The final 20 minutes or so of “The Cow Who Sang a Song Into the Future,” the slow-burning parable from the writer-director Francisca Alegría, are almost entirely wordless. In its last act, the film follows the members of a fractured family as they wander about, cast in different directions and undone by recent oddities on their dairy farm. The power of Alegría’s feature debut is found not in dialogue or explication, but in the lyrical, magical realist qualities of folklore: disappointed mothers and fathers, sacred animals and cursed rivers, love and forgiveness.
At the film’s start, a woman (Mía Maestro) bubbles up from the surface of the water, landing on a riverbank filled with dead fish. In a store, an old man (Alfredo Castro) collapses at the sight of her. Miraculously alive and not having aged a day, she appears to be Magdalena, the man’s wife who mysteriously drowned herself decades earlier, leaving him and his two children behind. Soon after, the man’s daughter, Cecilia (Leonor Varela) returns to the family farm to care for her shaken father. Cecilia has her hangups about her mother’s death and her own teenage child’s transgender identity.
As Magdalena wanders back to the farm, the family begins to reckon with a complicated past, and the cows, which she had always loved but that suffer from the realities of factory farming, begin acting strangely. Through these animals, the film becomes an allegorical prayer — an elegy for human failures toward one another and the living world, and an incantation for a return and reversal of sorts.

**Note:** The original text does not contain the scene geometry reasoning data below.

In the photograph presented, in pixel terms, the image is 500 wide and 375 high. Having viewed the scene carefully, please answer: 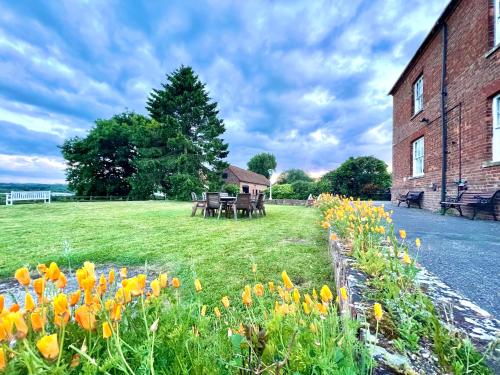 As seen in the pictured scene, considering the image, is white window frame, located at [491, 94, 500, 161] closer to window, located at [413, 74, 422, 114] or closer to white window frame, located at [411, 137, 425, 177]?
white window frame, located at [411, 137, 425, 177]

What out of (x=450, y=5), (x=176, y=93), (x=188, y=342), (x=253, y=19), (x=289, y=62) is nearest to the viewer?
(x=188, y=342)

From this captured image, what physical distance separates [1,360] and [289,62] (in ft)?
47.9

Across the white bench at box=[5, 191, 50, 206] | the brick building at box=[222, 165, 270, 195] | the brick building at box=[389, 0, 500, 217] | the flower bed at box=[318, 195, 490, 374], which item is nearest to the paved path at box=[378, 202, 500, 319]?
the flower bed at box=[318, 195, 490, 374]

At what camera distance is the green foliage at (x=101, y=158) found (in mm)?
27219

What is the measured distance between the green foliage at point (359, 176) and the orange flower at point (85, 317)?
21.9 m

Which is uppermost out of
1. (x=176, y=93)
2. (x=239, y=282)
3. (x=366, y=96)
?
(x=176, y=93)

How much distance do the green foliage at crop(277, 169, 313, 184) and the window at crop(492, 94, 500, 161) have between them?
52655 mm

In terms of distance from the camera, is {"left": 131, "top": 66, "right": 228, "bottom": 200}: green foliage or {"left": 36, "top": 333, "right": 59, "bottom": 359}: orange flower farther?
{"left": 131, "top": 66, "right": 228, "bottom": 200}: green foliage

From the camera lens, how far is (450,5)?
22.1 feet

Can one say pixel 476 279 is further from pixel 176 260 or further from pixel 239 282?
pixel 176 260

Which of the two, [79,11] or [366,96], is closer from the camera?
[79,11]

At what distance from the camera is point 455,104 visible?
6781mm

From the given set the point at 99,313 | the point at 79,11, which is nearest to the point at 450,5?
the point at 99,313

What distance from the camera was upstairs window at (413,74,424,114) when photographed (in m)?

While often elliptical, Alegría’s directing is patient, a good quality for a movie that could have fallen prey to sanctimony. In this film, the purest truth can be seen in the eyes of its cows — the mournful gaze of the mothers, and the tragically innocent look of the calves that have been torn from them.
The Cow Who Sang a Song Into the Future
Not rated. In Spanish, with subtitles. Running time: 1 hour 38 minutes. In theaters.